▶ **Activity**:
Print the records below exactly, from the line containing "Finding the average" down to the line containing "Here's the exercise: use", both lines included, and omit every picture.

▶ **Study material**:
========================================================================

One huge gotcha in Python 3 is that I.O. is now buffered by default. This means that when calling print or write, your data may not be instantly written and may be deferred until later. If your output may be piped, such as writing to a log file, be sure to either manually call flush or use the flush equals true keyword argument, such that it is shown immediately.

========================================================================

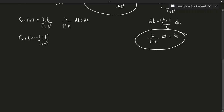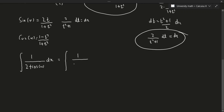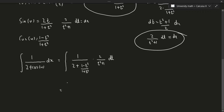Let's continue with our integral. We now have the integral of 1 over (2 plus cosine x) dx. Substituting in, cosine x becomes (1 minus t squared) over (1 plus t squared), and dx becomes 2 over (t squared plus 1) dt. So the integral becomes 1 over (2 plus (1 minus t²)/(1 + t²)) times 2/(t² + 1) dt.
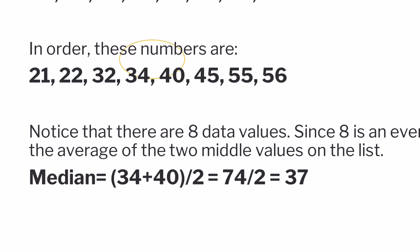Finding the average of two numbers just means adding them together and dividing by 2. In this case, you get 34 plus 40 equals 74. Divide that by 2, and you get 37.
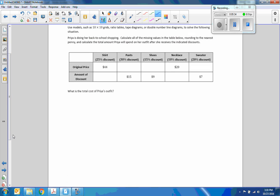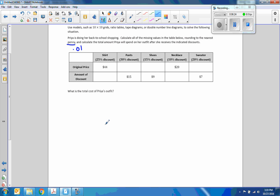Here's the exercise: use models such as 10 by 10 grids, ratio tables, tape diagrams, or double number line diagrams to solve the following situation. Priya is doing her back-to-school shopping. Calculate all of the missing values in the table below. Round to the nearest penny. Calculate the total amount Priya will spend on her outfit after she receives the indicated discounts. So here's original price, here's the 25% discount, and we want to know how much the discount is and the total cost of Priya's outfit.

========================================================================

▶ **Output below**:
Finding the average of two numbers just means adding them together and dividing by 2. In this case, you get 34 plus 40 equals 74. Divide that by 2, and you get 37.
Here's the exercise: use models such as 10 by 10 grids, ratio tables, tape diagrams, or double number line diagrams to solve the following situation. Priya is doing her back-to-school shopping. Calculate all of the missing values in the table below. Round to the nearest penny. Calculate the total amount Priya will spend on her outfit after she receives the indicated discounts. So here's original price, here's the 25% discount, and we want to know how much the discount is and the total cost of Priya's outfit.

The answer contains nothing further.